2) Sensitive Computation: Since the TEEs are used to secure the sensitive computation, we are eager to know the overhead of moving the sensitive computation into the TEEs. In this experiment, we use an open-source MD5 implementation [30] following the RFC 1321 standard to simulate the sensitive computation, and measure the time consumption of calculating the MD5 inside and outside the enclave mode. Without loss of generality, we use a pre-generated random string with 1,024 characters as the target of the MD5.

As shown in Table II, the MD5 calculation requires 4.734 μs in normal mode and 6.737 μs in enclave mode. We note that the calculation in the enclave mode requires about 2.003 more microseconds than the calculation in the normal mode, and this difference is close to the context switching time measured in Section III-A1. This result shows that the CPU performance in normal mode and enclave mode are similar, and the overhead of moving the sensitive computation to the TEEs depends on the overhead of the context switch.
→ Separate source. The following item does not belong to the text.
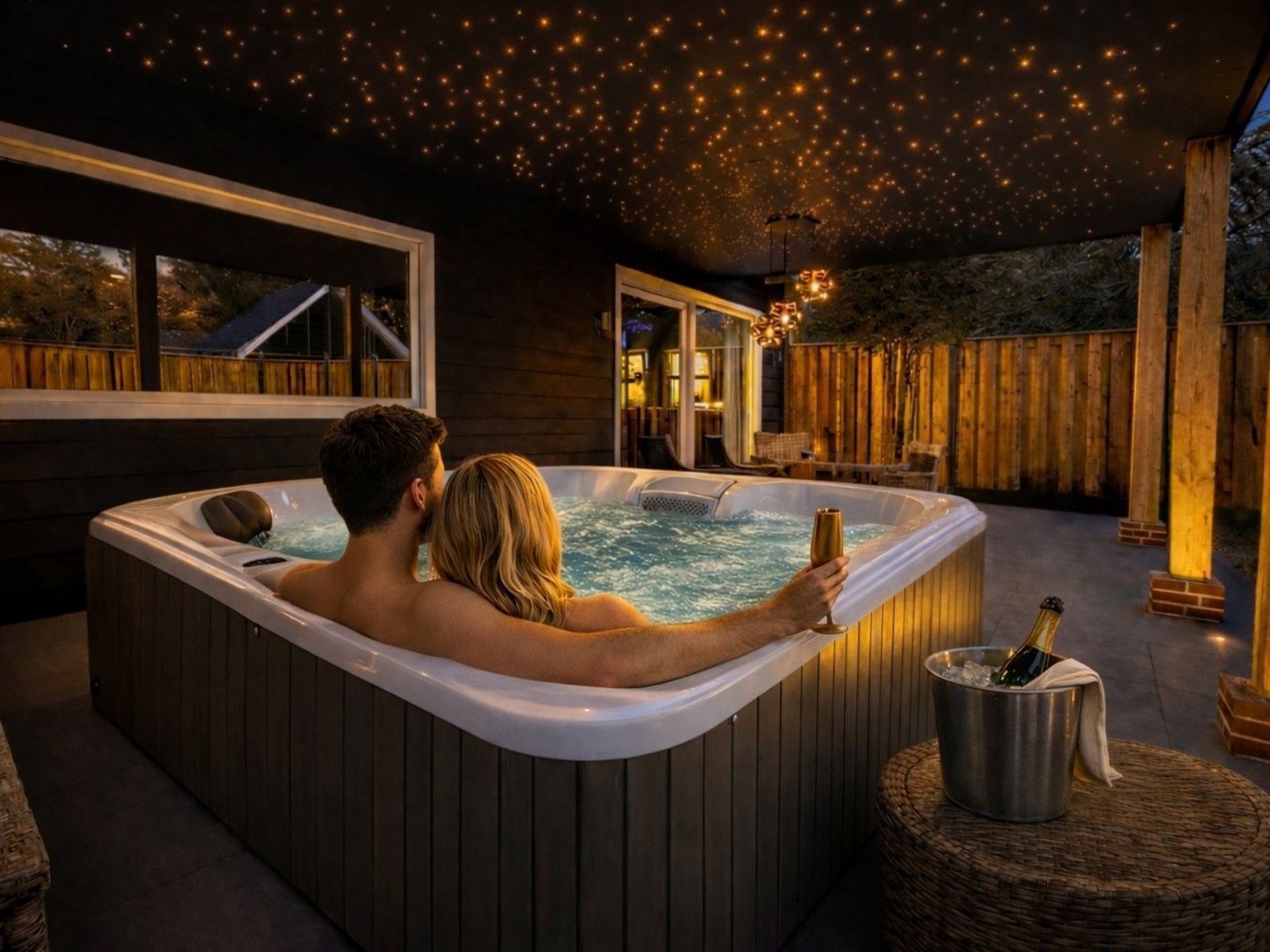 Luxe 4-persoons Privé Wellnesslodge met groot Bubbelbad onder een ✨ sterrenhemel ✨, Stoomruimte & Sauna, geïnspireerd op Azië & India. 🍾 Gratis Fles Prosecco en Partner Connect Box 🍾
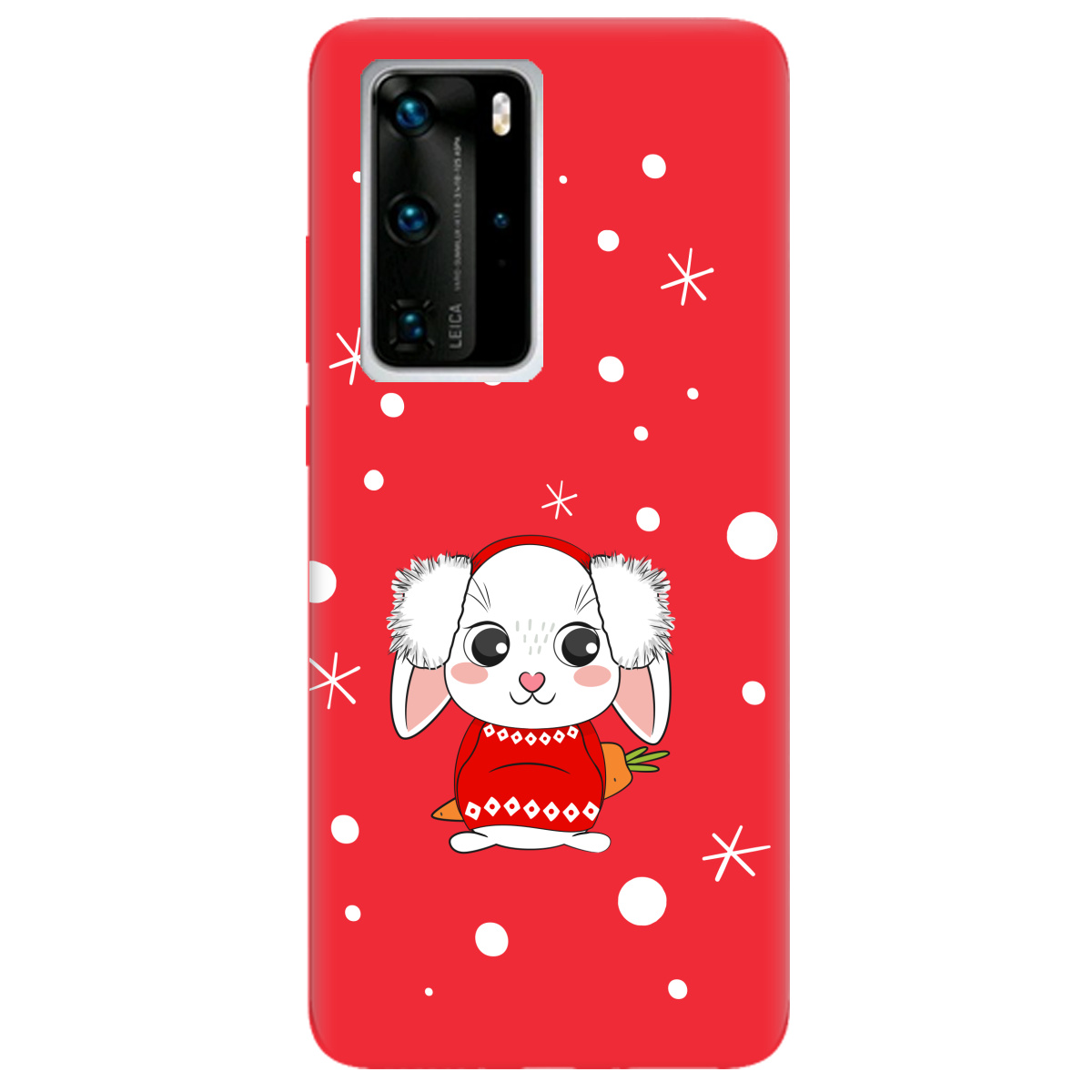 Чехол для Huawei P40 Pro ярко-красный матовый soft touch My bunny - фото 1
3) Overall Performance: While keeping the sensitive computation running inside the TEE, we also want to make sure that the performance of the non-sensitive computation on the edge node would not be affected. To simulate the frequent sensitive computation on the edge node, we switch to the enclave mode every one second and calculate the MD5 of a 1024-length string. A dedicated CPU benchmark, GeekBench [31], is used to measure the performance of the CPUs. To avoid the unpredicted affects from the other software in the system, we make the sensitive computation and the benchmark to be executed in the same core. The single-core performance score with and without the sensitive computation are compared to learn the overall performance overhead. The experiment is repeated for 100 times to reduce the test errors.
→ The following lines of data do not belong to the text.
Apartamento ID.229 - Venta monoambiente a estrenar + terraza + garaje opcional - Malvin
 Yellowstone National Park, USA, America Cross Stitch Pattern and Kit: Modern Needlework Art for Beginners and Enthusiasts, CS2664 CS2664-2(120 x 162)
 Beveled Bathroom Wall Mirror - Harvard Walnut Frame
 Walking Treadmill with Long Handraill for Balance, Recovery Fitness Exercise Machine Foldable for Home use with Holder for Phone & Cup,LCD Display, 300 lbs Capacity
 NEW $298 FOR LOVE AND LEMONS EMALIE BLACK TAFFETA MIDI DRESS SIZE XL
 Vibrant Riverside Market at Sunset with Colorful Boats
Table III shows the performance score given by GeekBench. The single-core performance scores with and without secure computation are 4,327.33 and 4,306.46, respectively, and the performance slowdown is 0.48%. Apparently, the performance overhead of the computation inside the SGX enclave is ignorable even we switch to the enclave mode every one second.
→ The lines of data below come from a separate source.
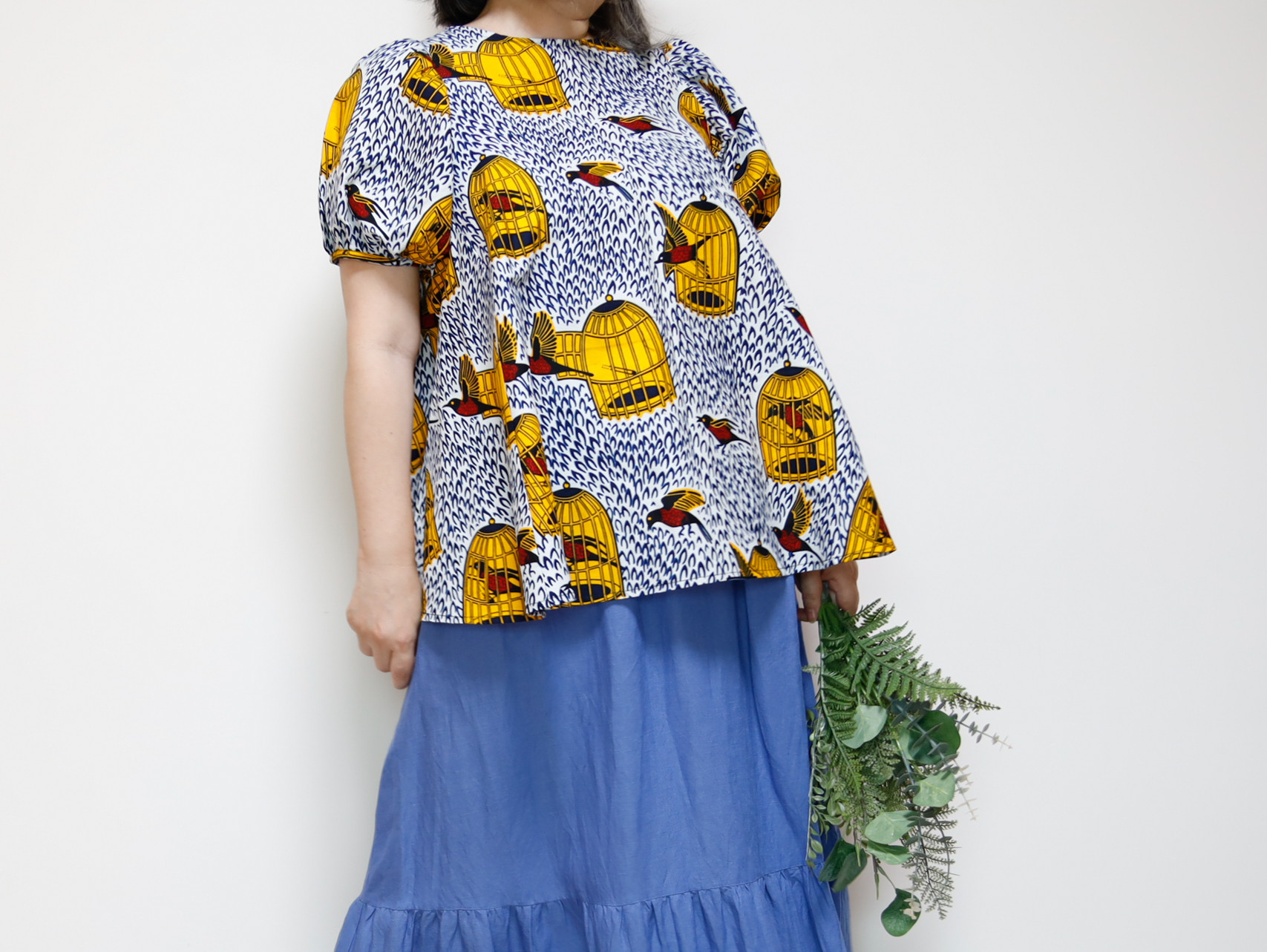 アフリカンプリント バルーンスリーブ ブラウス　1枚でキマるおしゃれ感！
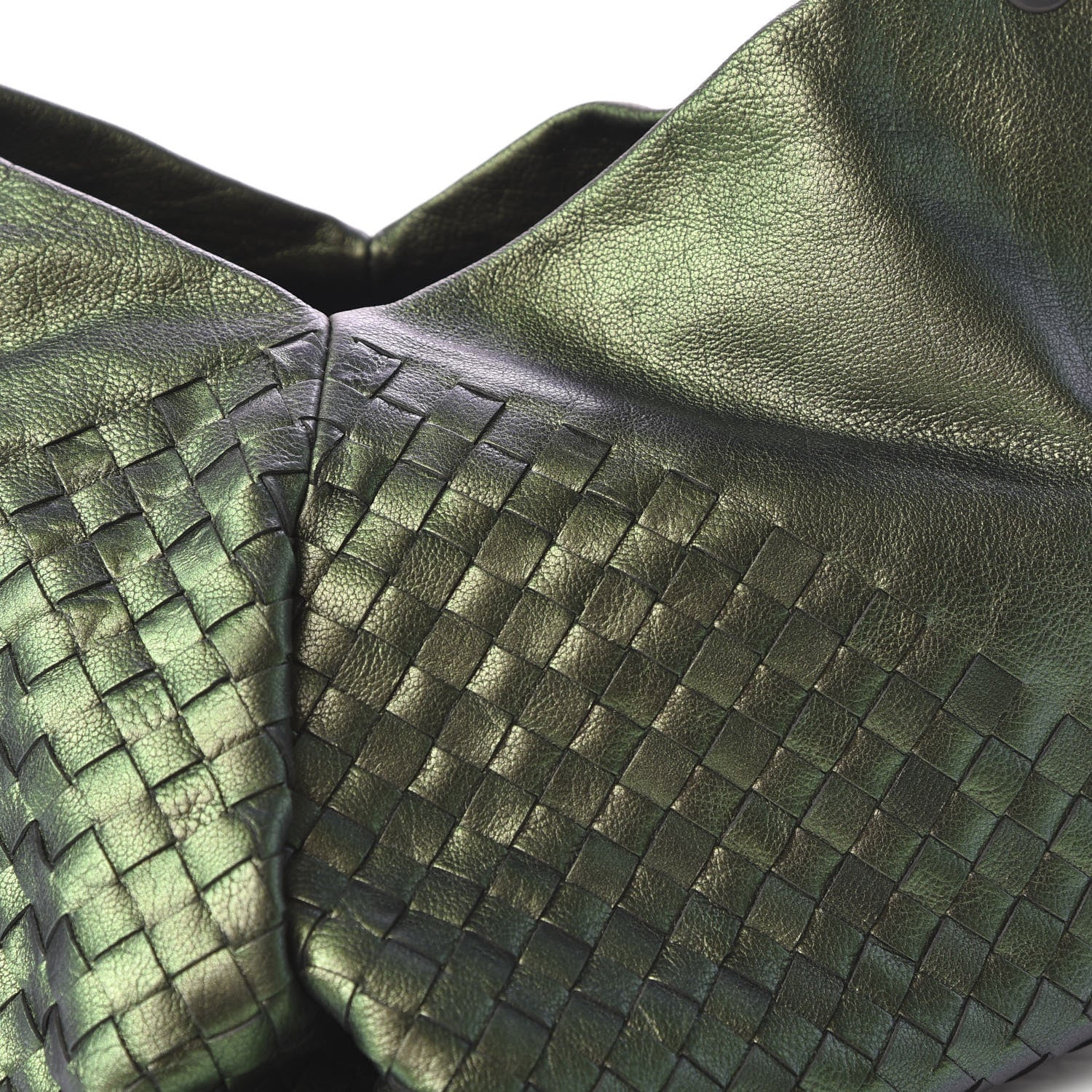 Bottega Veneta Iridescent Nappa Intrecciato Aquilone Fortune Cookie Hobo Green 9 of 10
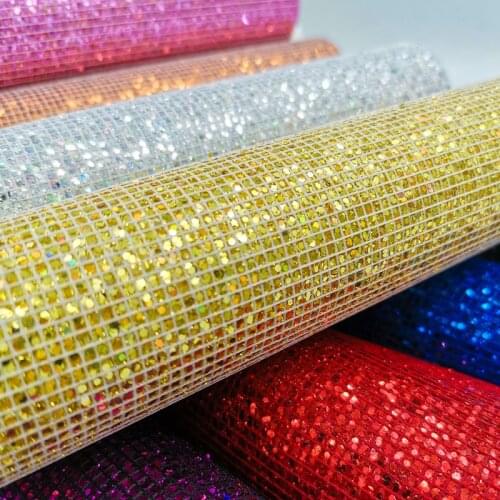 1pc 20cm*15cm Chunky Glitter Synthetic PU Leather Sheet Fabric Artificial Leather Faux Leather Diy Bows Craft Supplies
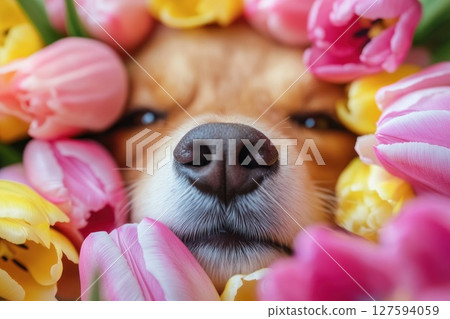 Close up dog nose middle of flower bloom. Close up dog nose middle of flower bloom. 127594059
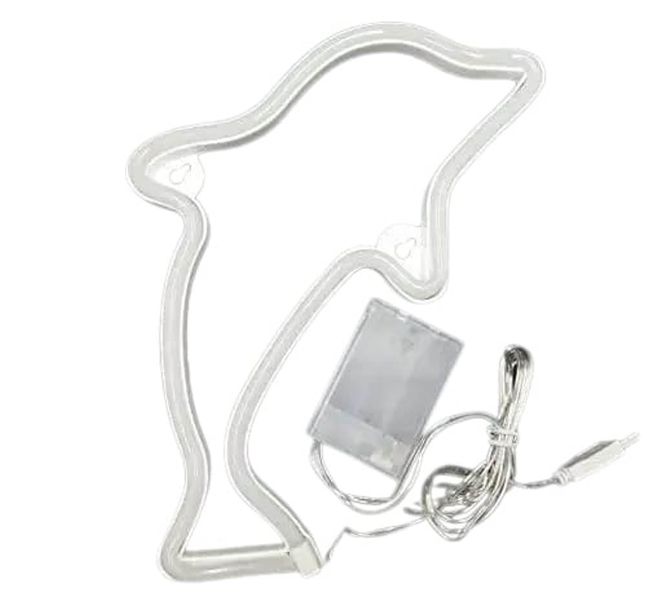 USB Powered Dolphin Neon Lamp Wall Hanging Decorating LED Sign -Blue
**IV. ARM TrustZone Technology**

ARM proposed the TrustZone Technology [11] since ARMv6 around 2002. With TrustZone enabled, the processor can switch between the secure and non-secure mode, which provides two execution environments with different privileges. A set of hardware extensions are applied to guarantee the resources (e.g., memory, interrupts, peripherals and etc.) are isolated between the secure mode and non-secure mode. The software running in the secure mode owns higher privilege and have access to both secure and non-secure resources, while the software running in the normal mode can only access the non-secure resources. As shown in Figure 2, the ARMv8 architecture introduces Exception Levels (EL) to indicate the privilege of the processor, and the switch to the secure mode can be triggered by an EL3 exception. Typically, the Secure Monitor Call (SMC) instruction and the secure interrupts are used as the source of an EL3 exception. The secure mode uses the Exception Return (ERET) instruction to exit the exception handler and resume the execution of the non-secure mode.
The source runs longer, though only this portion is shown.